My sincere thanks to everyone who’s visited any or all of the three rings of this week’s Churm circus. The contest entries are great, and I appreciate every comment and e-mail. Why didn’t somebody tell me coming out from behind the mask of pseudonymity would be this much fun? Last night I ran across one person I’d written about long ago in a dispatch, and she scowled and barely spoke. On the other hand, the daughter of a very nice Chair of another department of English, whom I’d once mentioned, wrote me a delightful note just to say hello and thanks.

Then there was this guy, who wrote me an e-mail responding to our comment exchange at LitPark:

So what about Aquaman? I have always considered him…more of a loner, more of a "Batman" type. He lives where others don't; his closest allies cannot communicate with any other hominid. He had to fly with Wonder Woman – humiliating, wouldn't it be, for a superhero to be so dependent on another, and to be paired (triaded?) with the "Wonder Twins" for such degradation? Add to this that Aquaman had his own main squeeze(s), which I think was unusual for members of the J. League…how uncomfortable for him to be aloft with the buxom Amazonian, stranded high above the seat of his powers. His wife's death, and his strained relationship (as I understand it to be) with his son, only intensifies what I sense to be a portrait of a man estranged against himself as well as the rest of the world.

Aquaman is a king, and with that status goes a noblesse oblige , an aristocratic self-separation from a society that depends on his guidance and support but in which he cannot fully immerse himself, if I may be allowed the figure of speech. It only makes sense to me that he would be taciturn—briny, crustaceous, submerged within himself as well as in his environment. He is more of an enigma than most of the other superheroes, most closely aligned, in my view, with the Silver Surfer, who—unlike Superman—never adopted his new world but just decided to protect it as a resident alien.
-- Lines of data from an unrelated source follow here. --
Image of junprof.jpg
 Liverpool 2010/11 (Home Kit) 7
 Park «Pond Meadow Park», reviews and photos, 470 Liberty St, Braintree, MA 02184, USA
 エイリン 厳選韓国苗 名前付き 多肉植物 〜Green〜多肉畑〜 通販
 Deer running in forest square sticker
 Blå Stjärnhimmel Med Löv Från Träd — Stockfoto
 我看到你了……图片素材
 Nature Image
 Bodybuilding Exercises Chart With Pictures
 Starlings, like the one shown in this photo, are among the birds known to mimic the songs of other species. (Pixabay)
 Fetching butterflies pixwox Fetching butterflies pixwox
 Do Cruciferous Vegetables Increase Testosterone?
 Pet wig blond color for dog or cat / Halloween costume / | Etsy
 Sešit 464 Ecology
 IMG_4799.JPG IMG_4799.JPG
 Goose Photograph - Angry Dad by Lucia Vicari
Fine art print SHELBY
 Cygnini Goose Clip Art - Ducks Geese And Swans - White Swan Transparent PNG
Aquaman, too, is alien, but an alien on his home planet. I think I'm going to cry.

Thank you, Dan. Meeting you is reward enough for revealing my real name. Also, you scare me a little.

Finally, I was interviewed two other places this week, covering much of the same ground for different audiences. Thanks so much to Chris Maier at Smile Politely, and to UIUC's College of LAS Office of Communications and Marketing. I’m told the piece on me is second in hits only to an article on happiness. At least I’m way ahead of “Argentine Ants Devour and Conquer.”